Fully Dynamic Approximate Matching

EADS talk by Aaron Bernstein


We study the problem of maintaining an approximate maximum cardinality matching in an unweighted graph G that is subject to a sequence of insertions and deletions. The goal is recompute the approximate matching as quickly as possible after each insertion/deletion. Currently, there exist randomized algorithms with only polylog update time for maintaining a 2-or-worse approximate matching (e.g. a maximal matching), while the fastest update time for any algorithm that achieves a better-than-2 approximation is O(m^(1/2)). Intuitively the reason for this large gap is that maintaining a maximal (2-approximate) matching is a purely local problem in that as long as we match all legal edges, it does not matter which edges we choose: if both (u,v) and (u,w) are legal, either one can be chosen for the 2-approximate matching. To go beyond a 2-approximation, we need to keep track of some global structure in the graph, which is difficult to do in a dynamic setting. 

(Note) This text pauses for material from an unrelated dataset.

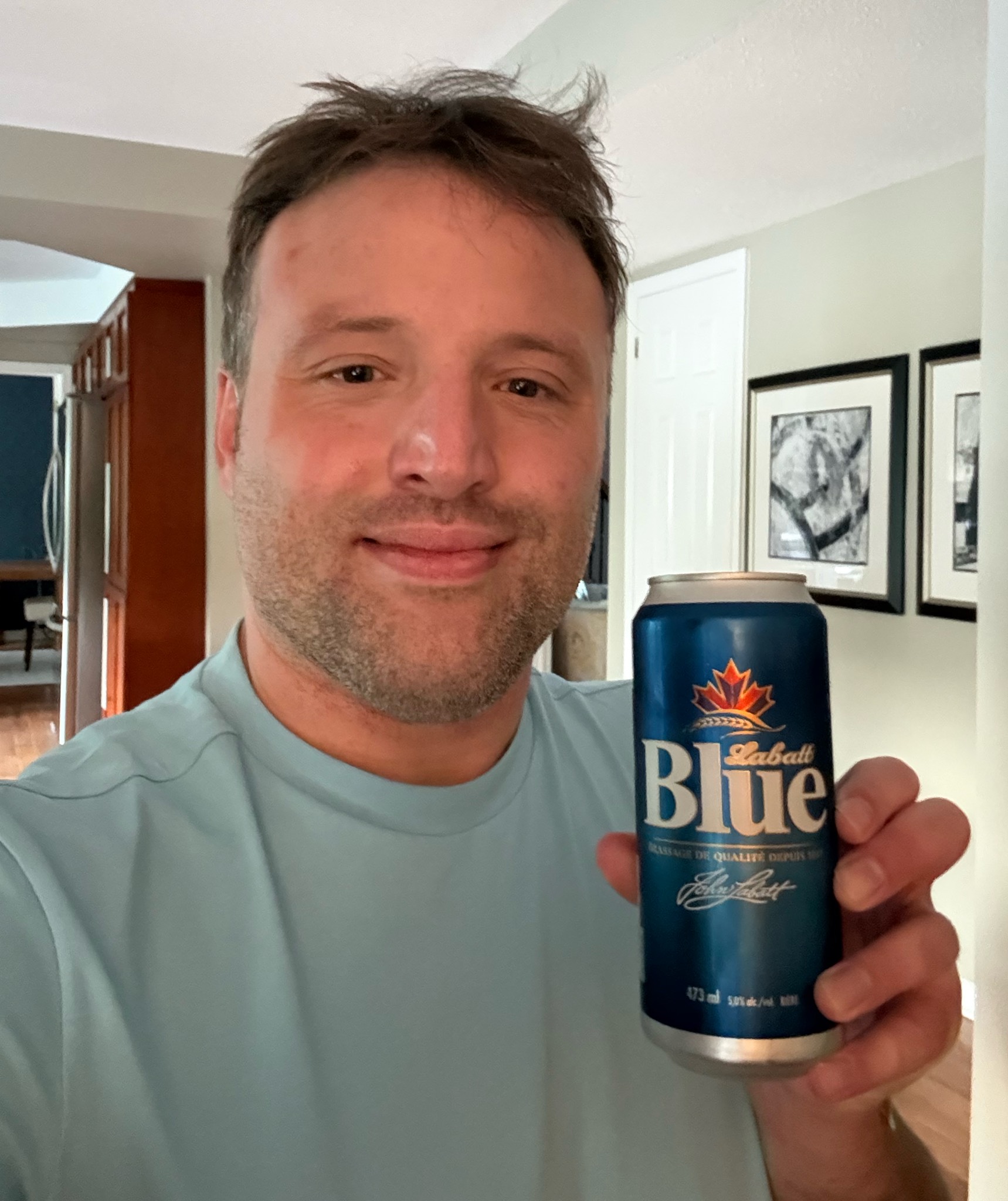 Labatt Blue, Labatt Brewing Company (AB InBev)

In our paper, we set out to devise faster algorithms for maintaining a better-than-2 approximations. Our main result achieves an update time of m^(1/4) for a (3/2 + eps) approximation; the state of the art needs m^{1/2} update time, though it achieves a (1 + epsilon) approximation. Our algorithm achieves the fastest update time for a better-than-2 approximation, as well as the fastest existing deterministic update time for any constant approximation. Our approach also leads to some new results for small arboricity graphs.  Our main technique is (loosely speaking) a new way of characterizing (1+eps) and (3/2+eps) approximate matchings -- one that does not rely on the non-existence of short augmenting paths. 


This talk is based on two papers (ICALP 2015, SODA 2016), both joint work with Cliff Stein.